THE unpleasant prospect of spending two decades in prison for cattle theft is no longer the lot of two Omusati Region residents who were jailed on a stock-theft charge almost five years ago.
This is after the 20-year jail term of convicted cattle thief Itombua Ndemuhenuka was set aside in an appeal judgement delivered in the High Court at Oshakati and replaced with an effective sentence of eight years' imprisonment.
The appeal judgement was even better news for co-accused Simon Ingashipola, whose conviction was overturned by the appeal court. He, too, had been sent to prison for 20 years.
In the appeal judgement, Judge Marlene Tommasi said the 20-year prison sentence that Ndemuhenuka received in the Opuwo Regional Court on March 31 2008 was disproportionate to the crime, the offender and the legitimate needs of society in the circumstances of his case.
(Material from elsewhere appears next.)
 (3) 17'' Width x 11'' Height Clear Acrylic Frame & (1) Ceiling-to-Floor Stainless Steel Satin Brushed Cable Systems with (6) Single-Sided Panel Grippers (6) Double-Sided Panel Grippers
That in itself was a substantial and compelling circumstance which should have made the sentencing court impose a lighter sentence than the 20-year jail term which at the time was the minimum sentence prescribed in the Stock Theft Act for an offence of this kind, Judge Tommasi said.
Ndemuhenuka and two co-accused were alleged to have stolen 12 head of cattle, valued at N$33 500, at Omakange in the Omusati Region during February 2007.
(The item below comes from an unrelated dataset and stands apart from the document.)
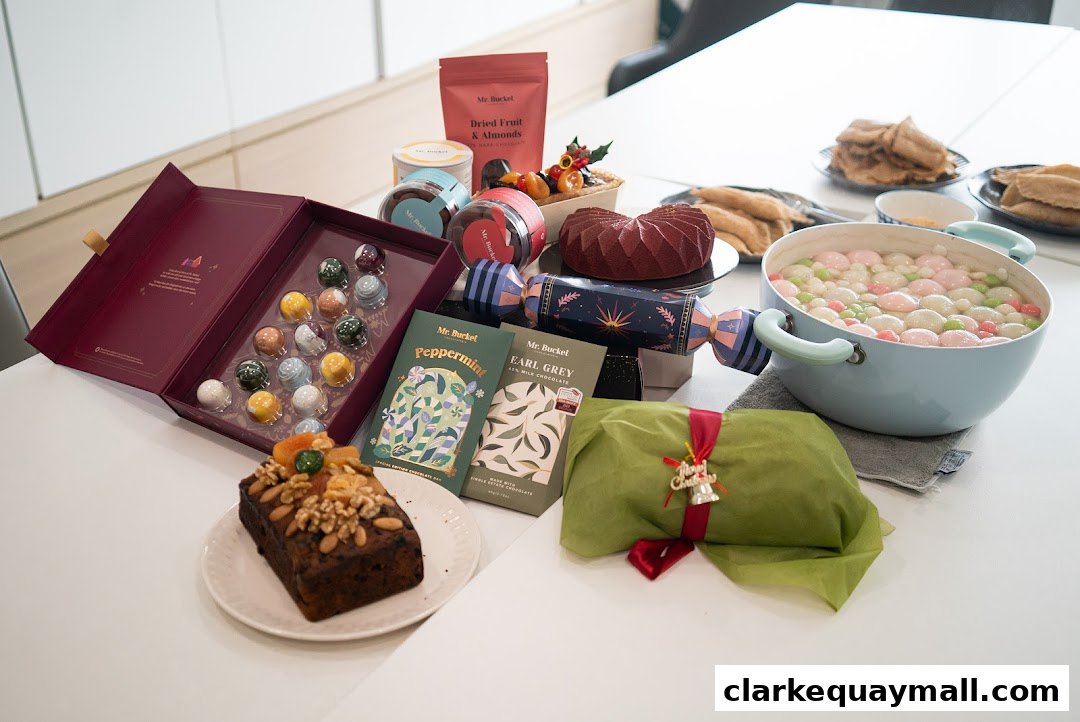 A festive spread of chocolates, cakes, dried fruits, and desserts, perfect for gifting.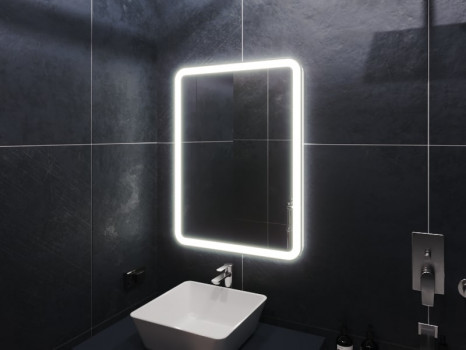 Зеркало в ванную комнату с подсветкой светодиодной лентой Бельви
The owner of the cattle recovered one of his animals, bearing his earmark, at another village during July 2007.
Ndemuhenuka and Ingashipola were convicted of the theft of four head of cattle, valued at N$11 000, on the basis of evidence that Ndemuhenuka and a companion had sold four of the stolen animals at another village during April 2007, Judge Tommasi recounted. Both men were sentenced to 20 years' imprisonment.
Ndemuhenuka appealed only against his sentence, while Ingashipola appealed against both his conviction and sentence.
Judge Tommasi found that it had not been proven beyond reasonable doubt that Ingashipola had been the person in the company of Ndemuhenuka when the latter sold the four head of cattle.
Two witnesses who implicated Ingashipola were initially unsure whether they recognised him, and then claimed that they could indeed positively identify him. The magistrate did not approach their evidence with the required caution, the judge said.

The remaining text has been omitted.